As invasões no território dos Uru-Eu-Wau-Wau e Amondawa são anteriores à demarcação. Nas décadas de 1970 e 1980, o Incra estabeleceu assentamentos dentro da Terra Indígena. Os agricultores nunca foram indenizados, e o conflito permanece até hoje. Nessa região, entre os rios Nova Floresta e Jamari, o desmatamento é assombroso e já consumiu cerca 60% da floresta da região. Esse desmatamento é ilegal porque não está respaldado por nenhum tipo de licença dos órgãos ambientais competentes.

Muito próximo dessa área que continua em litígio, existem 388 Cadastros Ambientais Rurais (CAR) declarados irregularmente sobre a TI, somando mais de 30 mil hectares. Os CAR são auto-declarados, e necessitam de validação do órgão estadual ou municipal competentes para tornarem-se regulares. “Nesse caso, o CAR não poderá ser validado pelo órgão ambiental porque não é possível regularizar ambientalmente áreas sobrepostas à Terra Indígena, A Constituição Federal garante aos índios o usufruto exclusivo das riquezas dos solos, dos rios e dos lagos existentes na TI. Esses recursos não podem ser compartilhados com invasores ou ocupantes ilegais”, avalia Juliana Batista, advogada do ISA. O monitoramento do ISA detectou, nessa região, a presença de ramais congruentes com os limites dos CAR declarados irregularmente.

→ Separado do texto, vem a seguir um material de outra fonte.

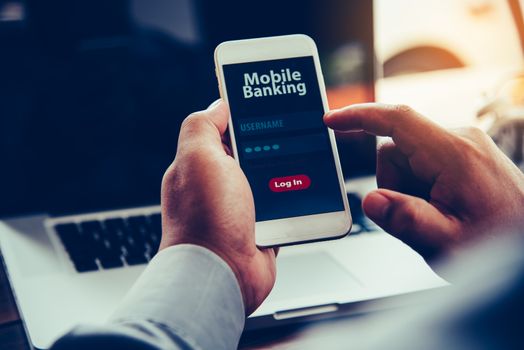 hands using mobile banking on smart phone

Em 2017, a Polícia Federal desarticulou uma quadrilha de grileiros acusadas de invadir, grilar e desmatar a Terra Indígena Uru-Eu-Wau-Wau. Os grileiros haviam dividido a terra em 328 lotes, que eram vendidos por até R$ 40 mil. Na ocasião, foram presas 14 pessoas, entre eles policiais militares acusados de informar os criminosos das operações de fiscalização, com antecedência.